▶ **ACTIVITY**:
In the material below, find all lines with the string "Photo" and copy them.

▶ **WORKING DATA**:

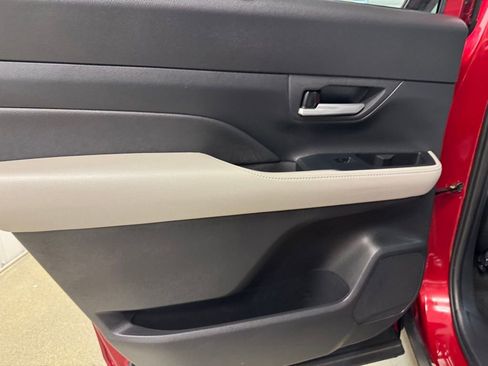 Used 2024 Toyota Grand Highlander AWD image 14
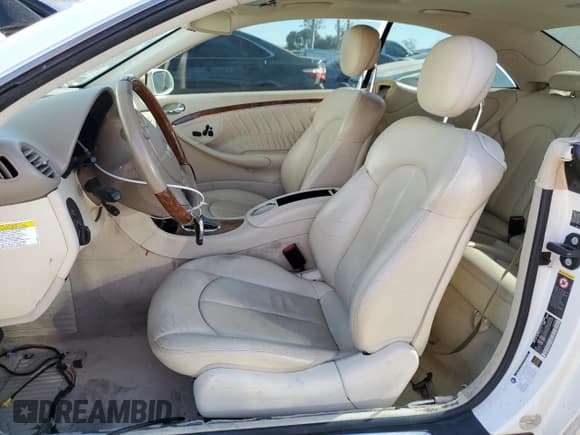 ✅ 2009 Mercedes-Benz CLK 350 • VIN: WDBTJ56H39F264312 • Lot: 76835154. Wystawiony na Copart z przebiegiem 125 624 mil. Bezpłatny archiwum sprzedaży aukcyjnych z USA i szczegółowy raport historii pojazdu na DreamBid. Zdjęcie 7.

==

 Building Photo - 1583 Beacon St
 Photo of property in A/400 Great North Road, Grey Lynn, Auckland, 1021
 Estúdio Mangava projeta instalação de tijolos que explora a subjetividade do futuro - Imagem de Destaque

--

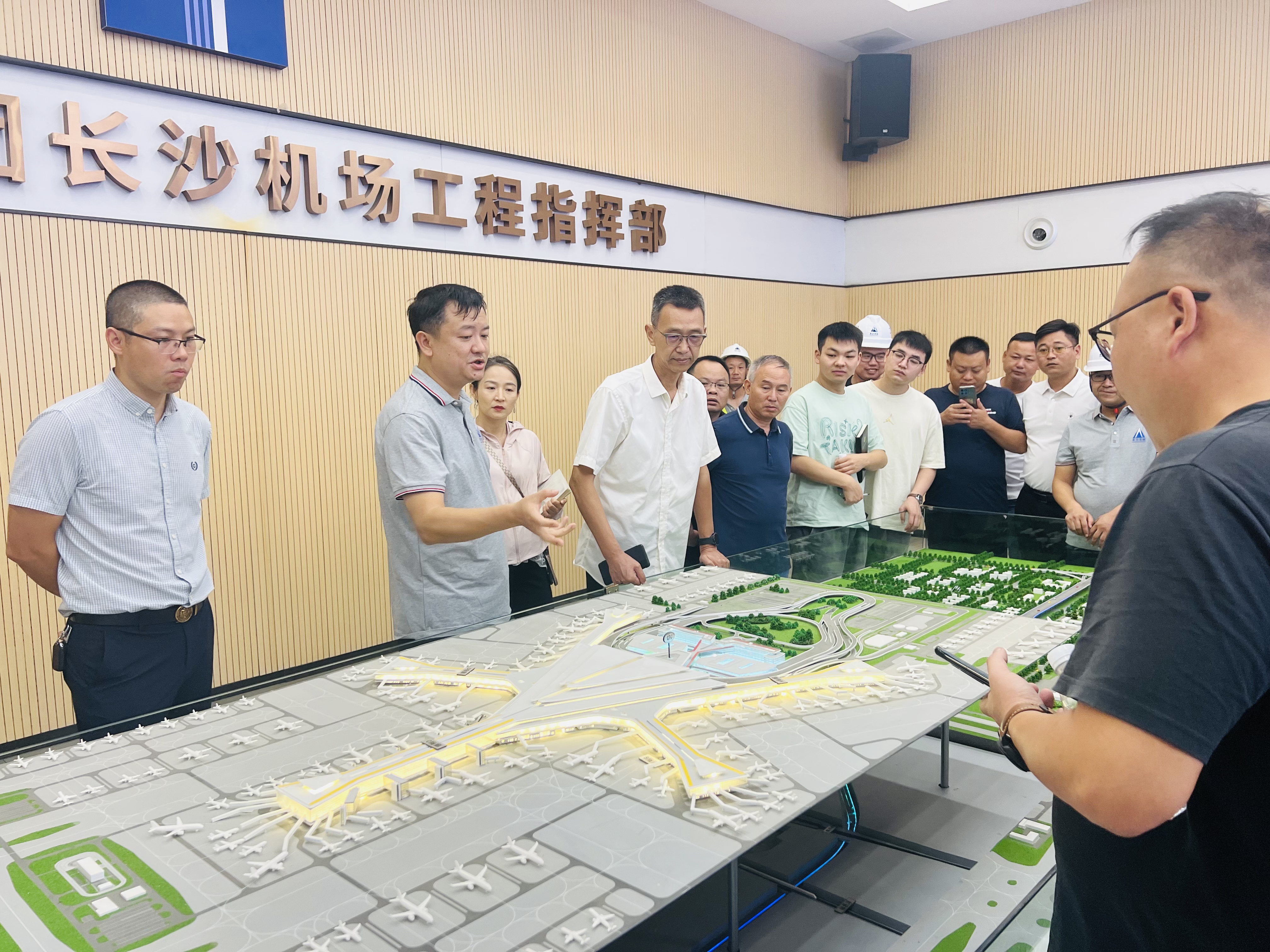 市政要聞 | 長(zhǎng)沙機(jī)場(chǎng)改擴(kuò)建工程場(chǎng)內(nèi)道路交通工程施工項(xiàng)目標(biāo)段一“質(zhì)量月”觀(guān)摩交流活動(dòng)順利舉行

▶ **EXERCISE RESULT**:
 Building Photo - 1583 Beacon St
 Photo of property in A/400 Great North Road, Grey Lynn, Auckland, 1021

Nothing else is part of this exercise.